Don Lemon Rebukes Opponents of Critical Race Theory: ‘Stop Making it About You’

“The only problem is your perception,” Chris Cuomo says to critical race theory critics

Chris Cuomo Don Lemon Tonight CNN

CNN anchors Don Lemon and Chris Cuomo don’t always see eye to eye, but one subject they emphatically agree on is critical race theory.

During the handoff from Cuomo’s “Prime Time” to “Don Lemon Tonight” Thursday night, the two hosts briefly discussed the significance of the newly designated Juneteenth holiday. Lemon and Cuomo then quickly segued into talking about the teaching of critical race theory (sometimes called CRT) in schools.

“That’s the whole thing about what privilege is — that people don’t like to have their pleasure interrupted, their peace interrupted. So people think that it should be the way that it should be because they’ve been taught that in this country,” Lemon said.

The main argument against critical race theory — propelled largely by right-wing actors like Tucker Carlson — is that the teaching of how white Americans routinely benefitted from Black enslaved peoples’ labor makes white people feel bad about being white.

Lemon and Cuomo weren’t buying that take.

Lemon pointed out that learning about slavery and the legacy of systemic racism in America is even more traumatizing for students of color. “You don’t think that telling them people were beaten and sold and lynched makes them feel bad?” Lemon asked, while laughing at the obvious irony.

“Having people come to the realization, especially ancestors of slaves, that they were enslaved and that they were beaten and they were sold and they weren’t able to accrue wealth, they weren’t able to go to school, they weren’t able to go vote — you think that makes them feel good?” Lemon said, outraged. “So the folks on the other side, stop making it about you, and be curious instead of judgmental.”

Cuomo said he didn’t believe that teaching people about how racism affects structures in the U.S. is inherently saying any one group of people is evil.

“I had somebody today say to me, ‘Well, you know, I’m just worried.
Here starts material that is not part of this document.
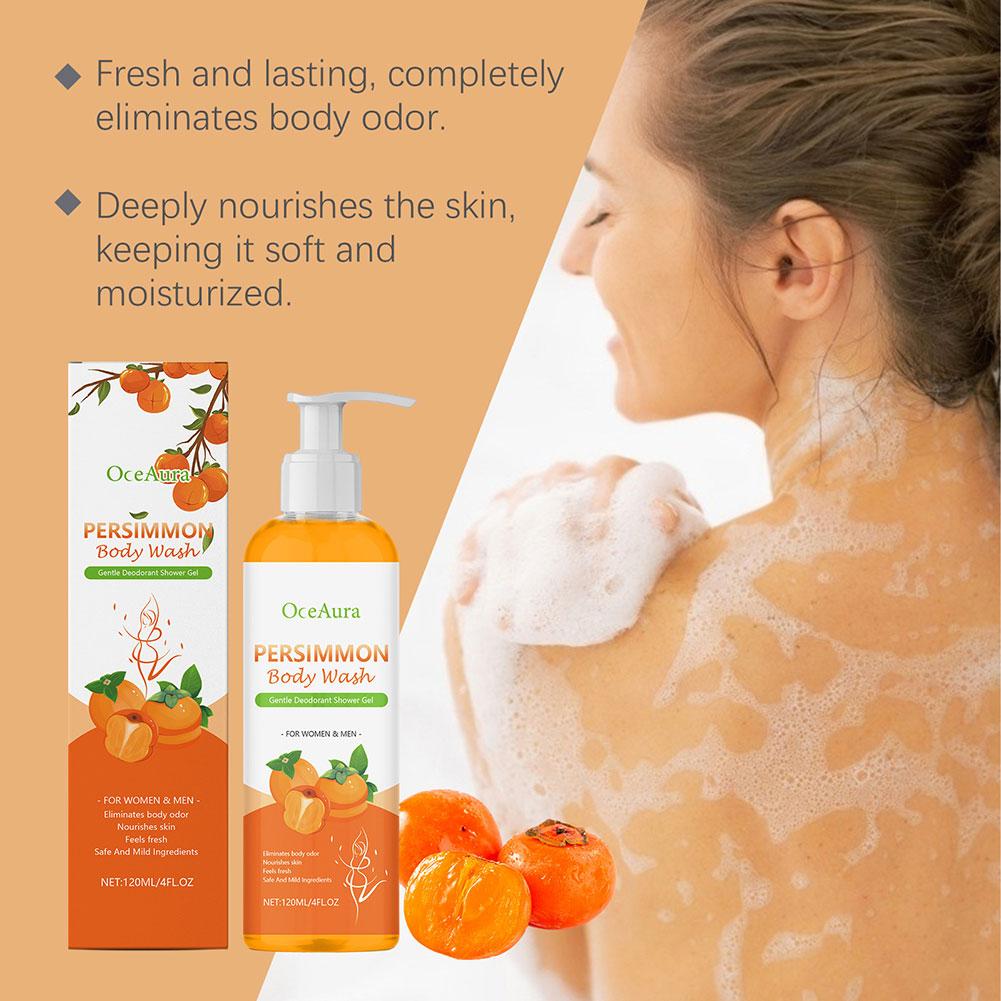 Persimmon Body Wash,Cleansing Body Deodorizing Moisturising Body Wash for Women Men,Deeply Nourishing Refreshing Shower Gel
I don’t want them to tell any of that history. I don’t want people lecturing my kid like, hey, you’re white, you’re bad.’ I said, why do you think that’s what it will be?” Cuomo told Lemon. “That’s the problem. The only problem is your perception. Why wouldn’t you want your kid to understand the roots of slavery and the legacy of slavery, how it has played out for enslaved people as a culture throughout the years? Why wouldn’t you want that?”

Cuomo urged left-wing viewers of “Don Lemon Tonight” to observe who is on the “right side” of history and to support things like learning about critical race theory and making Juneteenth a holiday.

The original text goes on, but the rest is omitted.